EXERCISE DETAILS -
Don't include any picture when you restate the data word for word.

DATASET SECTION -
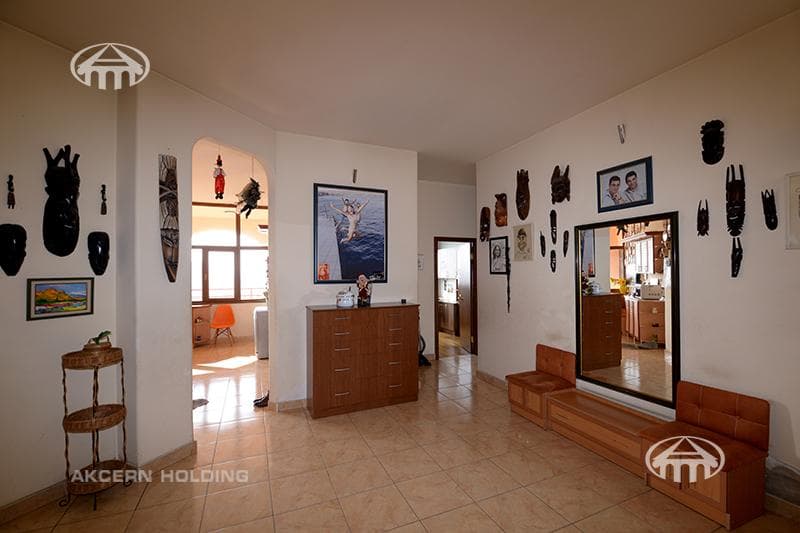 Mansion · 9 rooms · 560 m² · Kentron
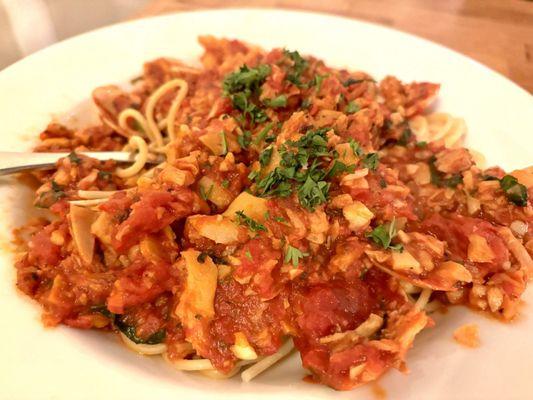 Linguini with clams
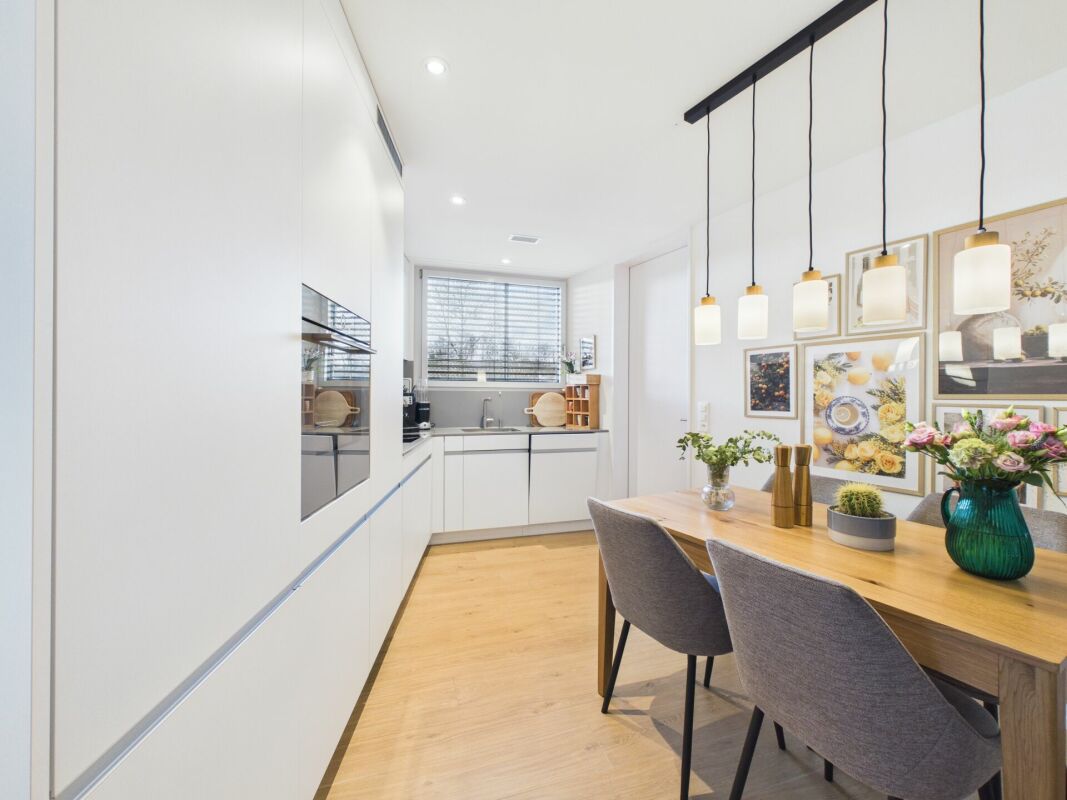 STILVOLLE GARTENWOHNUNG MIT KOMFORT - Bild 2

RESPONSE FOR THIS EXERCISE -
 Mansion · 9 rooms · 560 m² · Kentron
 Linguini with clams
 STILVOLLE GARTENWOHNUNG MIT KOMFORT - Bild 2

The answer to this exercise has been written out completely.